My last post where I said tough times are “lesson-rich” may have come across as glib. It wasn’t meant to be. While I believe challenging times are indeed lesson-rich and hold gifts for us, there are quite frankly some gifts I would have loved to return.
In recent years my Beloved lost her thyroid to cancer, went through a breast cancer scare shortly afterwards, our daughter was diagnosed with an “incurable” disease that nearly killed her and put her in intensive care for weeks and the hospital for over a month requiring many blood transfusions and for much of that time we didn’t know whether she was going to live or die, and an 18 year old business that I’d founded and ran died.
I share these “lesson-rich” gifts with you to show that when I use those words I truly understand how much pain, fear, despair, grief, etc, can accompany them—or at least I know how much my family and I experienced them.
As each of those challenges were happening I’d have gladly returned those “lesson-rich gifts” or exchanged them for an end of the pain, fear, despair, and grief.
But as my family and I survived each of these difficulties, we grew stronger, more confident that we can face whatever life throws at (err, I mean “offers to”) us. We are better people for having gone through such times.
And I’d be perfectly happy not receiving any more such lesson-rich gifts for a long, long time.
wow, that’s is a lot you and your family have gone through. Can relate to the “return of the gift”. It is never a gift when somebody you love, goes through something so hard as sickness. Glad you all made it stronger to the “all is good” side. One of the best quotes I have ever heard is “This too shall pass”. You can apply it in difficult times, which I guess is rather well known, but it can also be used in good times….this too shall pass….to remind ourselves to embrace, enjoy and celebrate the good in our life 100 % while we have the good times. Thanks for sharing.
Thank you, Kristi! I appreciate your reminder!
I too use the “This too shall pass” phrase as a reminder that it is wise to enjoy every drop of the delicious juice of the good times because sooner or later I’ll be drinking a very bitter brew indeed.
For those drinking the bitter brew right now, may the sweetness of kindness and compassion from others–and from yourself–help to make the experience more palatable.
There have been times in all of our lives where the lessons are wrought with so much pain and fear that their meaning doesn’t appear until we find ourselves breathing again. The celebration of your beloved’s health, your daughter’s well being – the gratitude and closeness that come from these, the most awful of nightmares. I am equally moved by your beautiful words to Kristi “For those drinking the bitter brew…”, for sometimes it is just that compassion and care that get people through until they too can realize the lessons learned. You my friend, are nothing short of remarkable. I am still so, so appreciative that our cyber-paths have crossed!
I’m deeply touched by your message. Your spirit shines brightly through your comment. I find myself re-reading your message to fully savor all of its richness. I especially loved your first sentence which so wonderfully expresses the relief as the dark times begin to pass: “..until we find ourselves breathing again”.
Thank you for your kind message. I believe that the extent to which you admire goodness and beauty in others, is a direct reflection of the beauty and goodness within you.
I too am grateful that our cyber-paths have crossed.
It’s how I felt a few years back..in the span of three years, my dad passed away the week before my son left for Baghdad (he was gone a year). The day he returned, the Red Cross had to fly him to NJ to say his good byes to my mom. I would email Matt while he was gone and write (‘when you breathe, I breathe – it’s just like that”)…and to this day Russ, I have almost no memories that I can evoke of those years of loss and fear – I can touch the feelings, raw and exposed though they still are – but no memories that are solid enough to even be deemed slightly reliable.
I would like to believe that I reflect goodness, though I would not want to diminish your warmth and generous spirit by considering it a reflection of anything other than who you are.
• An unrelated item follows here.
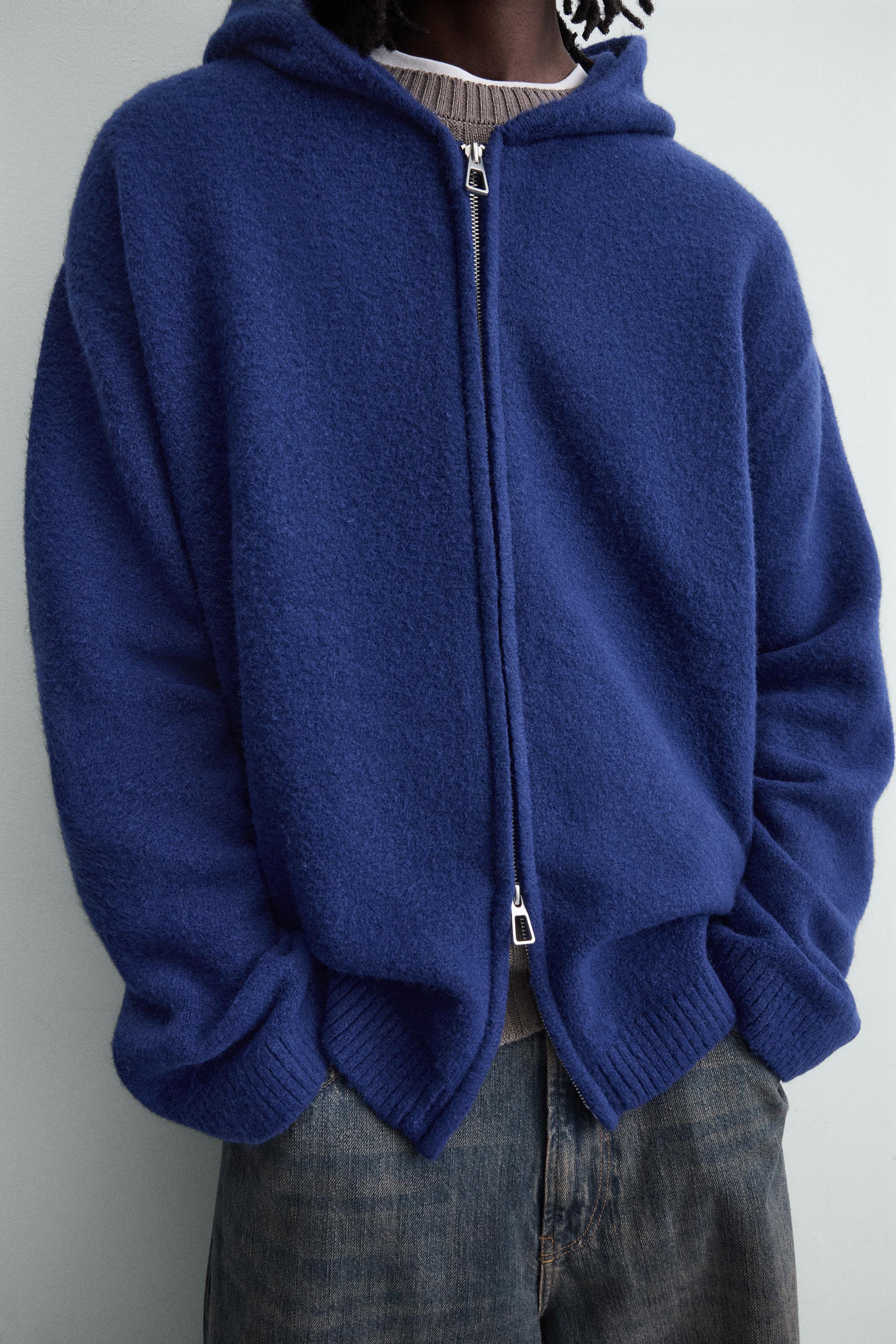 GILET EN MAILLE À CAPUCHE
And that’s pretty darn special.
Thank you, Mimi. I am truly taking what you say to heart and am warmed by your comments.
I believe we are all prety darn special. Thank you for reminding me of the beauty of the spirit in me. I sometimes forget.
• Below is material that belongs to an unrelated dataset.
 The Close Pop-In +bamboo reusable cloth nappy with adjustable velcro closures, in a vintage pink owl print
I’m glad that Matt came home safely, and am saddened to learn of the loss of your parents.
Me too and me too…
I agree, Russ. Life is wonderful, lemons become lemonade, etc. etc. But some stuff is more challenging than others. Glad your wife is OK.
For your daughter, I just now read a blog that I feel really captures Crohn’s: http://lifefromthesmallestroom.wordpress.com/2012/07/12/the-constant-companion/. Sometimes it is difficult to explain how it feels. This post does is well, in my opinion.
Thank you, Elyse. I did find that article to be pretty accurate description of what my daughter deals with or faces in the future. When my daughter suffers a relapse it tends to involve chemo, heavy steroids, and some other pretty awful drugs. She deals with so much with her strong spirit and grace. We were blessed when she came into our lives.